PBO Estimates 2.6 Million Canadian Households to Experience ‘Core Housing Need’ by 2027
The report says a total of 2.4 million households are already in “core housing need,” which means their home is either in need of major repairs, does not have enough bedrooms for the household size, or is costing them 30 percent or more of their before-tax income.
The PBO says the increasing need is being driven by higher interest rates and inability of the housing stock to keep up with higher immigration levels.
By 2027, the number of families in need of housing will have increased by 926,000 since Ottawa’s National Housing Strategy (NHS) was first launched in 2017. The NHS aims to bring together private and non-profit sectors to create more affordable housing, and has goals of cutting chronic homelessness by 50 percent, building 160,000 new homes, and removing 530,000 families from housing need.
The federal government rapidly increased immigration rates beginning in 2020, resulting in the country’s population increasing from 38 million in July 2020 to an estimated 41.7 million by October 2024.

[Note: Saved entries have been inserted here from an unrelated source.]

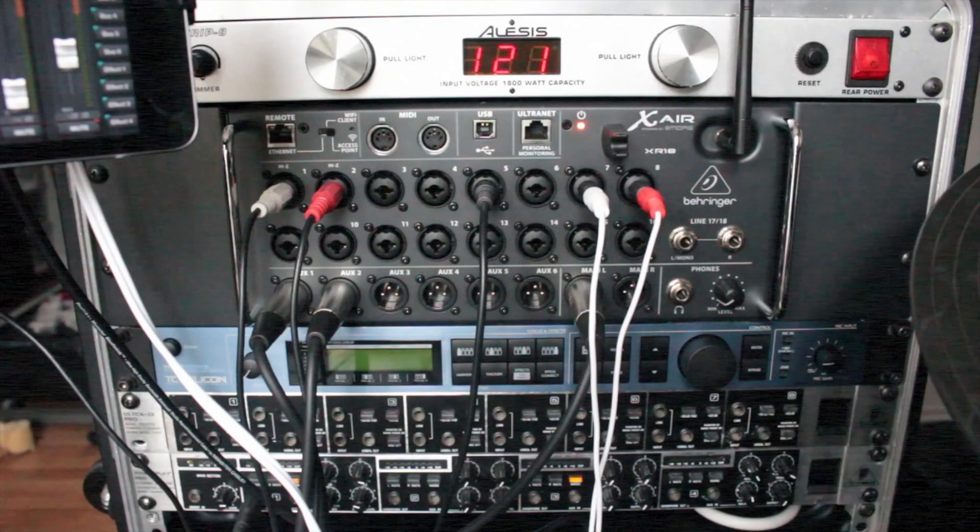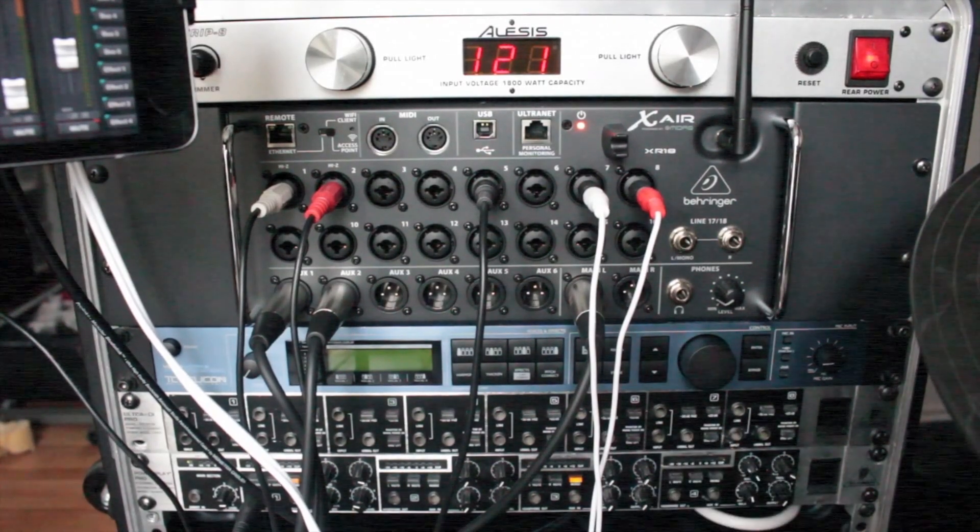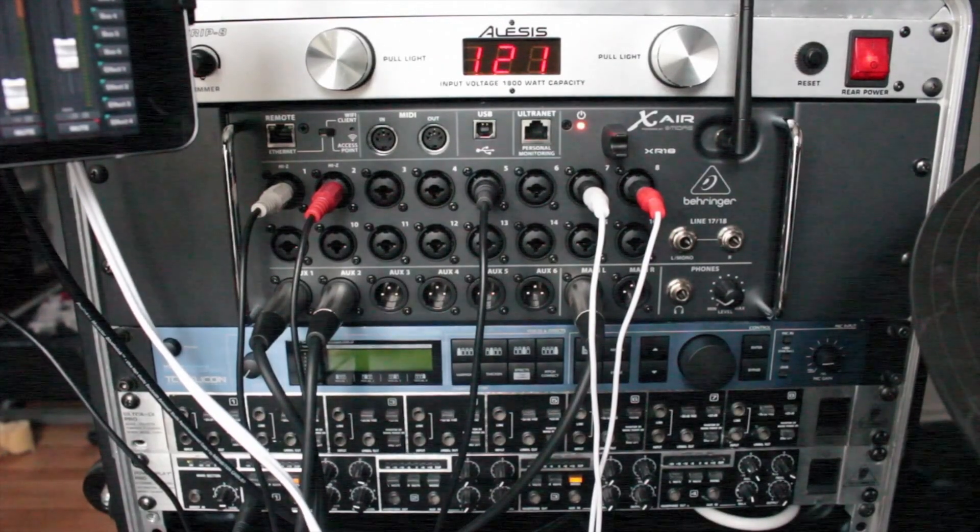I've got a TC Helicon Voiceworks, a standard GI, Ultra GI Pro from Behringer, and a headphone amp, the Power Play 4 channel.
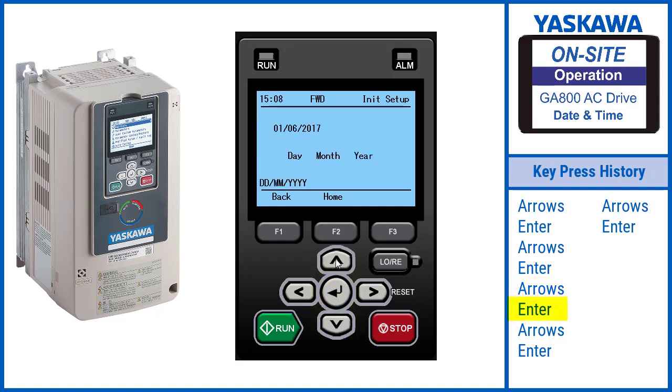Using the arrows, set the correct date. Once set, press Enter.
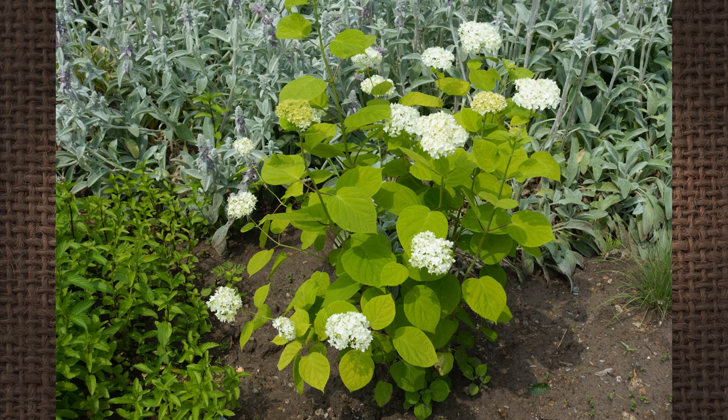If you have a mop-head or lace-cap type hydrangea — your old-fashioned hydrangeas — they bloom on old wood. There are some that bloom on old and new wood; those are your ever-blooming hydrangeas, and the plant label will tell you when you buy it. But most common hydrangeas bloom on the old wood. So I would say don't prune them at all if you can help it. But if you really need to prune it back, the best time is immediately after they flower, before they have time to set next year's buds. If you wait till the fall, it's over — no blooms.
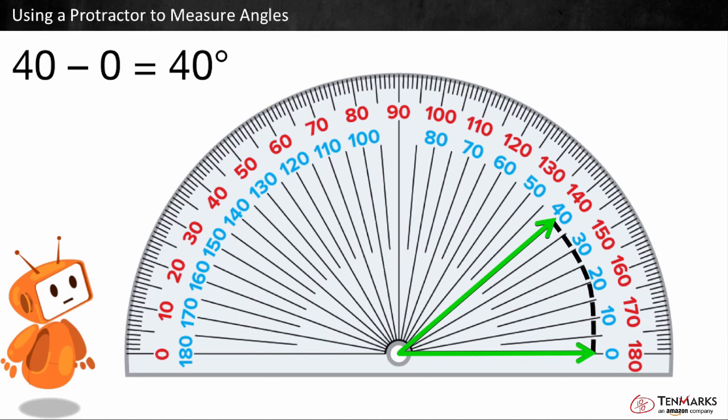40 degrees makes sense since this angle is acute, or less than 90 degrees. The other number this arm is pointing to is 140. 140 degrees would not make sense since this angle is acute.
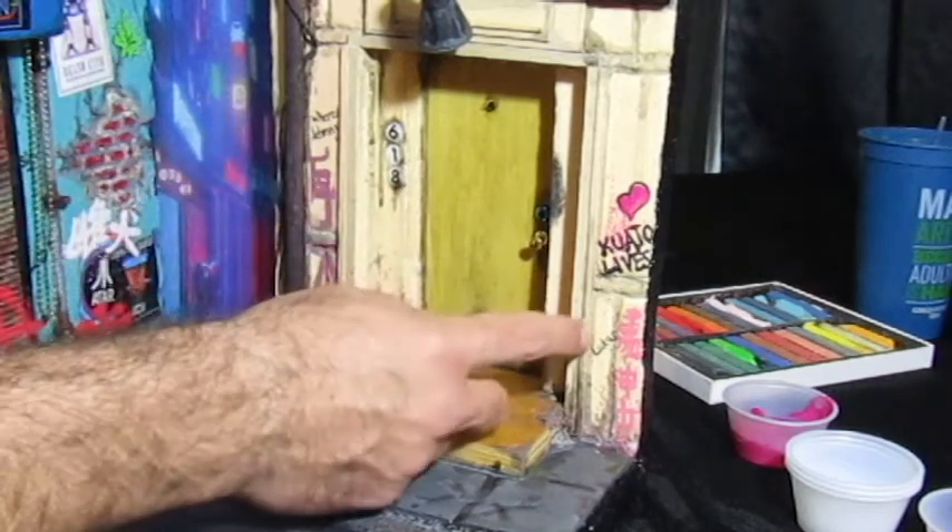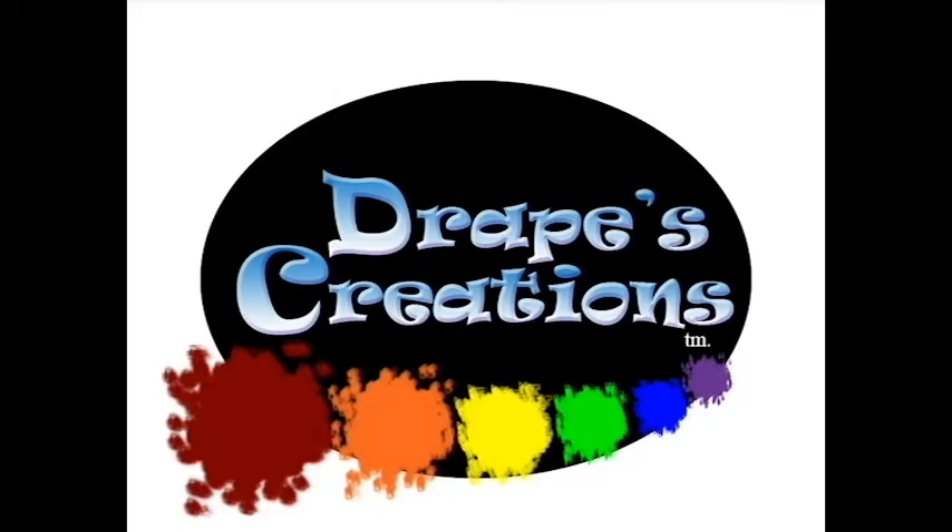Make sure that when you're doing smaller writing, you switch to a finer-tip marker. All right, well, thanks for stopping by — I hope you got a little something out of it. I had a lot of fun doing it. Until next time, check you later. Drapes Creations.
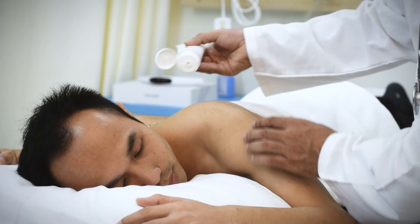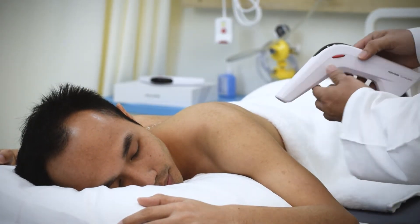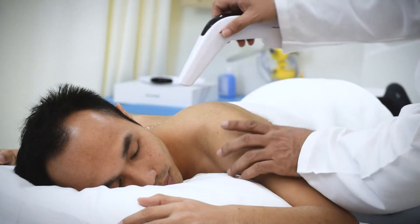Apply a small amount of Cura Laser Biostimulation Gel either on the therapeutic head or over the neck. Press the small switch to turn on the small therapeutic head.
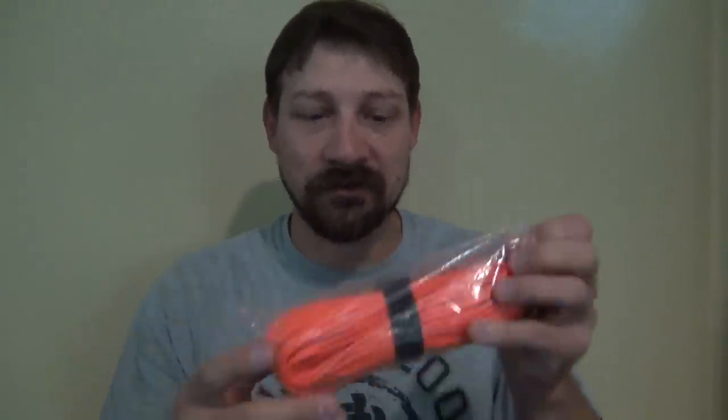Thanks for watching everybody, hope you got some good useful information out of this video. Please feel free to like, share, thumbs up, go check out my Facebook page and give that a like. If you like the content on my channel, please hit that subscribe button. Now go out there and get you some MIL-C-5040H Titan paracord — it's really good stuff, you won't be disappointed.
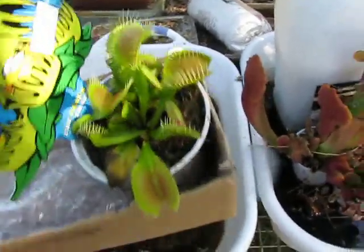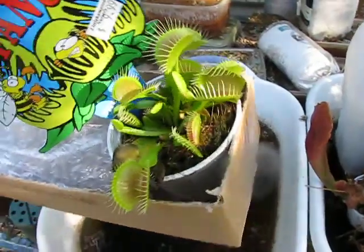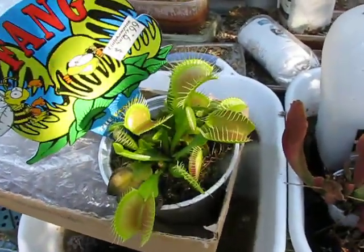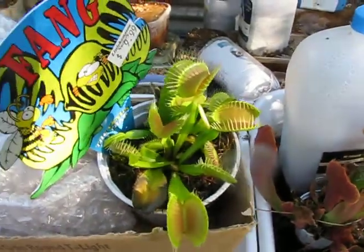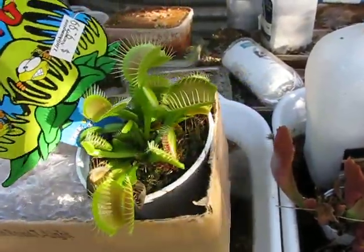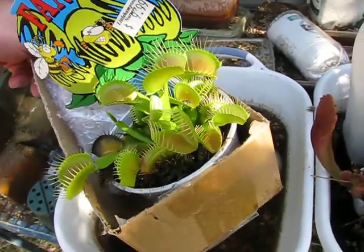This flytrap here — I think I'll probably just put these straight into the jars and see how they go. Just get some more and then divide them up into leaves and chuck those into a jar, see what happens. Anyway, cannon fodder plants is what it's all about.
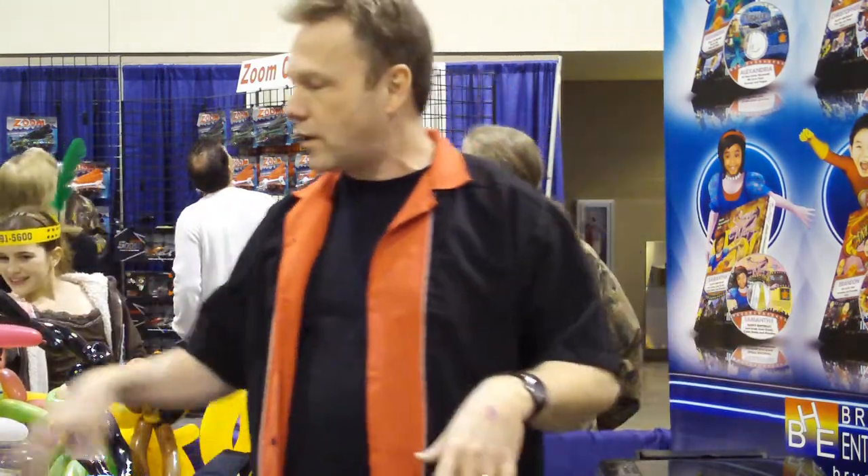Hey guys, this is Tom from TomMobileHoodGuy.com. We're going to show you how to make a giant princess wand. In another video, we show you how to make a little princess wand. We're going to take the same skills we've learned in that one, and we're going to make a giant princess wand.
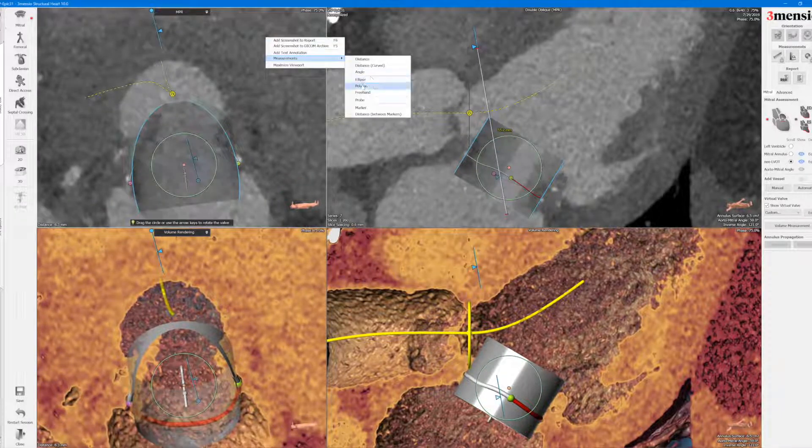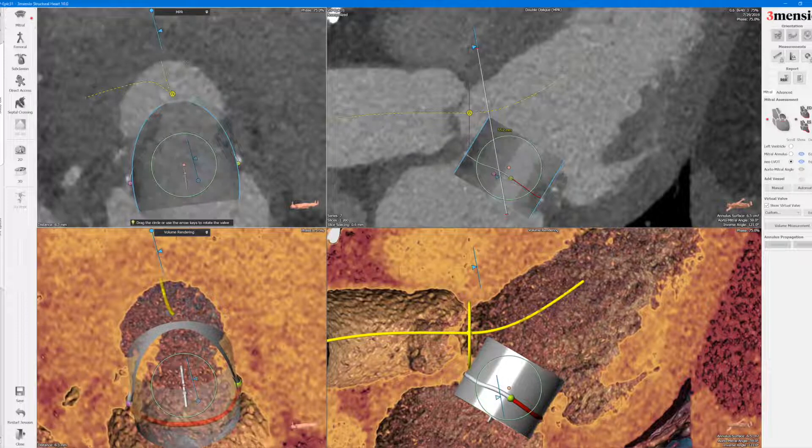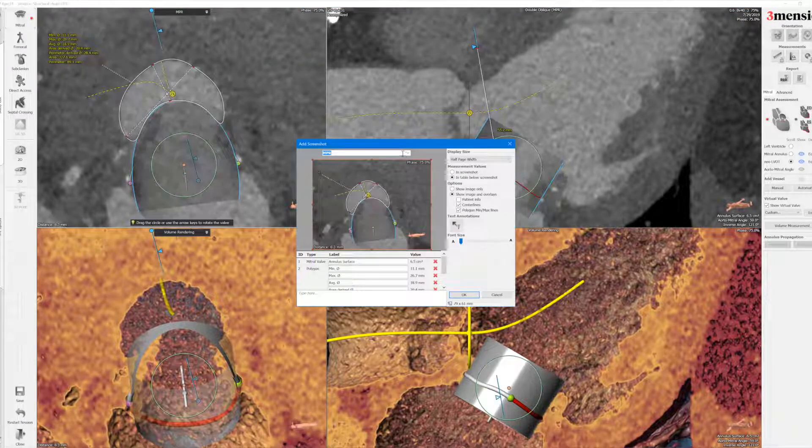And here's your new LVOT measurement. Right-click and then go to polygon. You trace out the area that's remaining after this balloon-expandable valve is occupied and has pinned the leaflets open. You can see that here — wide open new LVOT, no issue there.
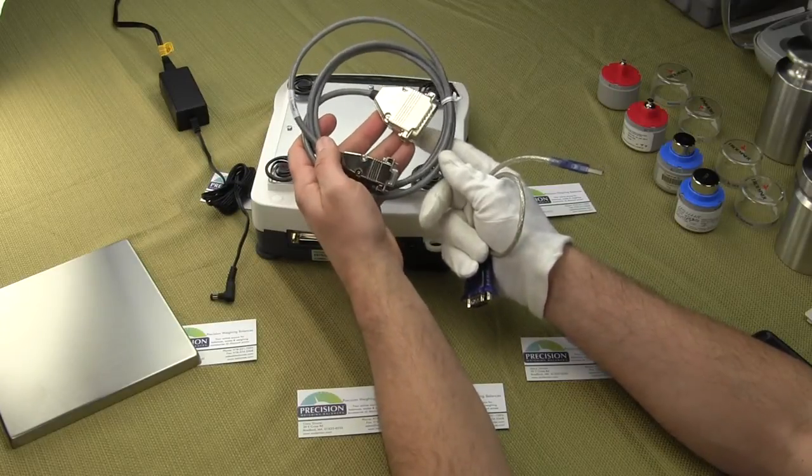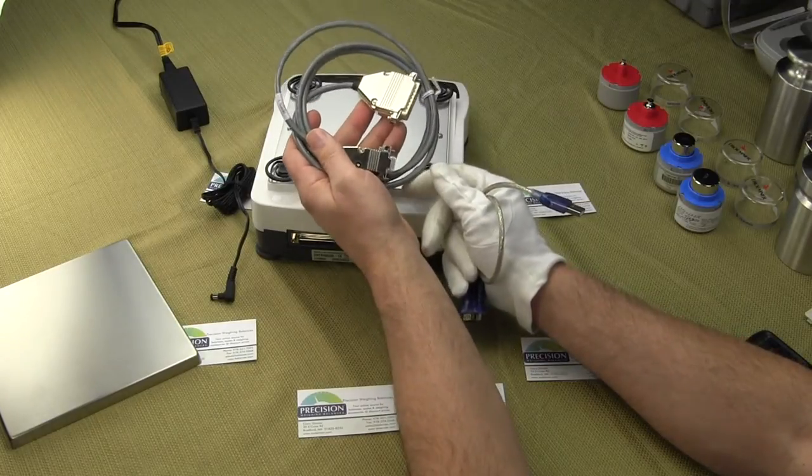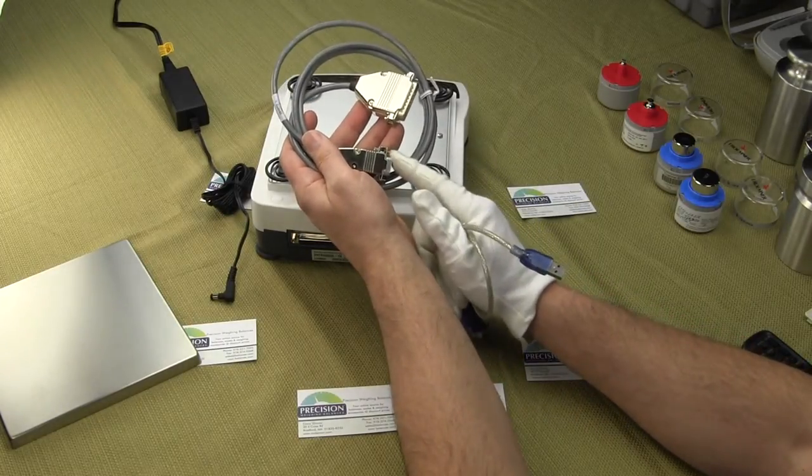The RS-232 cable itself is not a standard cable. You can look in the user's manual if you think you can make your own cable, but in all honesty it's not worth it — just buy the cable. This is Sartorius' serial cable that you would need if you were going to try to send data to a PC.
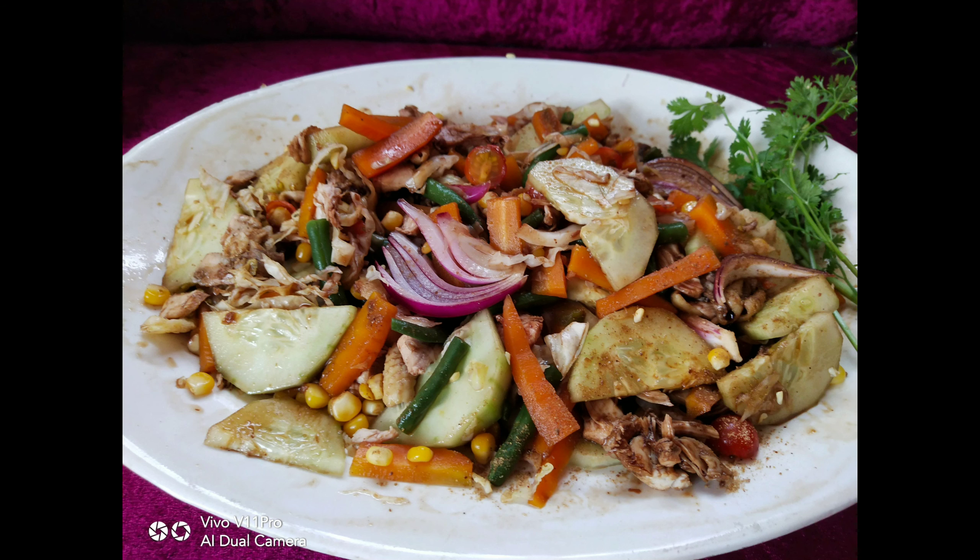You will need to take the chicken out. I'll show you in the video.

Available housing has not kept pace, leading to asking rental prices rising from an average of $1,769 per month in September 2020 to $2,193 in September 2024. The average home price in Canada increased from $581,000 to $718,000 over the same period.
According to the report, over the course of the NHS’s 10-year term, the federal government will spend an annual average of $6.1 billion on programs to address housing affordability. This number is a 133 percent increase from the average of $2.6 billion spent in the 10 years prior.
The report said while spending has increased for all NHS programs, the largest share of additional funding has gone to the Canada Mortgage and Housing Corporation’s “Financing for Housing” programs to support the supply of new rental housing, and the repair and renewal of existing rental housing. The programs received a $1.3 billion per annum increase in spending compared with the prior 10 years and accounted for 36 percent of the spending increase.
Meanwhile, the “Assistance for Housing Needs” programs, which provide support targeted to low-income households that would otherwise be in housing need, have seen their funding go up by $499 million per year and accounted for 14 percent of the increase.
Without NHS programs, there would be about 78,000 more households in need of core housing by 2027, according to the report. It said most of that reduction is attributable to federal contributions towards the provinces’ and territories’ capacity to provide income-adjusted housing to lower-income households.
The report also estimates that the federal government will give up an average of $11.4 billion in tax revenue annually to support housing affordability.
“Over the term of Canada’s NHS, total expenditures to support housing affordability are estimated to be 76% higher than the prior 10 years,” the report said.
Housing affordability has been a priority for the Liberal government in recent years, introducing related policies such as lifting the GST on purpose-built rental projects to incentivize developers to build more rentals, adding $15 billion to the apartment construction loan financing program, making an additional $400 million investment into the Housing Accelerator Fund, and introducing a Tax-Free First Home Savings Account.
Ahead of the Fall Economic Statement set to be released on Dec. 16, the federal government announced it will double the loan limit for the Canada Secondary Suite Loan Program to $80,000, and launch the program in early 2025, while also allowing homeowners to refinance with insured mortgages to help cover the cost of adding a secondary suite.
“This is just one of many measures in the 2024 Fall Economic Statement to build more homes, faster,” the government said.